Delicato e commovente Fa’fafine Una storia per parlare di identità di genere

Delicato, poetico, scenograficamente efficace, a tratti divertente e anche commovente. Fa’afafine, mi chiamo Alex e sono un dinosauro è uno spettacolo semplice nella storia che racconta pur affrontando un tema molto complesso come quello dell’identità di genere. Un solo (bravissimo) attore in scena che impersona un ragazzino dall’identità sessuale e di genere incerta alle prese con il primo innamoramento per Elliot, un amico taciturno ma con cui sente un legame profondo, chiuso nella sua stanza da letto che attraverso un sapiente e suggestivo (ma mai eccessivo) uso di videoproiezioni riesce a spaziare fino ad arrivare alle agognate isole Samoa dove vivono i Fa’fafine, persone dall’identità sessuale non definita in maschio o femmina, e perfettamente accettati e integrati. Così come Alex vorrebbe essere. Ma arrivato là capirà che non è quello il suo posto e saranno i suoi genitori a prendere piano piano coscienza dell’identità del figlio e a farlo sentire a casa e al suo posto, madre e padre che vediamo in video interpretati da Gioia Scarpinato e Giuliano Scarpinato (che è anche regista) attraverso un enorme buco della serratura con un effetto comico e straniante allo stesso tempo. Noi ci troviamo al di qua di quel buco, dentro, ed è da lì che possiamo cogliere l’essenza del messaggio di Alex: un grido di aiuto di un ragazzino allegro, dall’identità in fieri e complessa (come quella dei dinosauri e degli ornitorinchi, spiegherà) e che cerca un luogo dove poter essere stesso, lontano da quell’Alvin e quei compagni di scuola che lo deridono e lo umiliano. E per sua fortuna, il grido di aiuto viene colto e capito dalla madre e dal padre.

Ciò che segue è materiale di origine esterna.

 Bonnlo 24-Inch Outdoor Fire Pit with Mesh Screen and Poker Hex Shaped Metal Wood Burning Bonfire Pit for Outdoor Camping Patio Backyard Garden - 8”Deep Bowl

Come va a finire Fa’afafine? Cosa succede, dopo, ad Alex? Chiede uno dei giovani spettatori in sala alla fine dello spettacolo al protagonista. Quello che sappiamo per certo è che Alex ha la fortuna intanto di avere una famiglia che lo supporta e lo sostiene, e che questo gli darà la forza per sperare che questo accada anche a scuola. L’augurio, per Alex, è che la sua scuola non sia come quelle che vorrebbero le associazioni e le forze politiche che hanno osteggiato la visione dello spettacolo in quanto portatore di ideologia gender. Uno spettacolo che però, pur pensato per i ragazzi e con il chiaro intento di promuovere un’idea di accoglienza e rispetto di ogni diversità, non propone né modelli né soluzioni, racconta una storia non comune che può dire molto a tanti ragazzi, ma anche a tanti genitori.

La speranza, a questo punto, dopo essere stato portato a Ravenna, al teatro Rasi nella rassegna dedicata alle scuole, è quella prima o poi di vederlo tornare, magari per portare a teatro assieme famiglie e adolescenti.